As long as you have plenty of light, the Galaxy J4 Plus is a pretty solid photographer’s companion. Of course, the results don’t look quite as swish as the images captured by fancy flagships such as the Galaxy S10 or Huawei P30 Pro, but the end result is an image that looks rather good given the price.
Pictures come out with plenty of detail, colour reproduction looks nice and accurate and the phone’s HDR algorithms do a tremendous job of lifting up shadows and softening overly-bright areas of the scene. Everything is captured well enough, but you begin to spot a handful of issues as the light dims. Mostly, images get too noisy for most tastes, although not distractingly so.
Lastly, the Galaxy J4 Plus is limited to Full HD video capture at a maximum frame rate of 30fps. That’s a shame when Motorola’s suite of budget handsets are capable of recording 1080p footage at up to 60fps and 4K at 30fps.
Samsung Galaxy J4 Plus review: Verdict
The Samsung J4 Plus’ limited specifications are easier to stomach in a cheap budget phone and you could argue that the £40 savings on the J6 Plus have been made in the right places. Losing the depth-sensing camera is a pity for photography buffs but they’d be better served by opting for the Moto G7 instead.

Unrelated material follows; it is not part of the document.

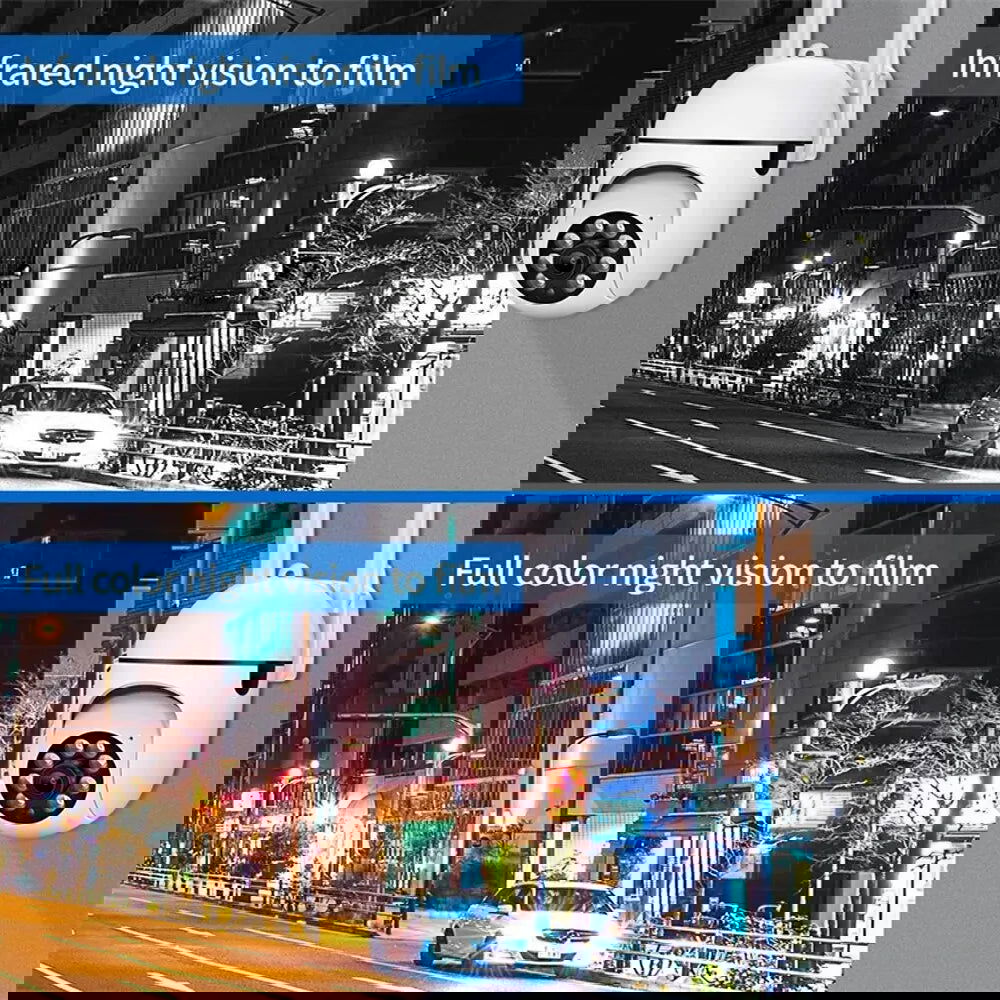 2MP 3MP Wifi IP Camera Outdoor Wired Security Surveillance Camera AI Human Tracking Two Way Audio Night Color Cam - Slobuy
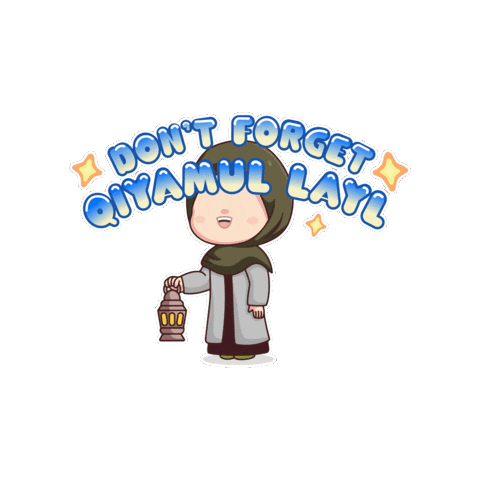 Ramadan Praying Sticker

Still, that’s not to say the Galaxy J4 Plus is worthy of a recommendation. I think Samsung has fallen behind a bit when it comes to its budget offerings in the last year or so, and its focus on the high end of the market doesn’t seem to be paying off across the whole range. The Galaxy J4 Plus is a fine option for anyone wanting a whole lot of screen on a tiny budget, but you’re not getting much more than that.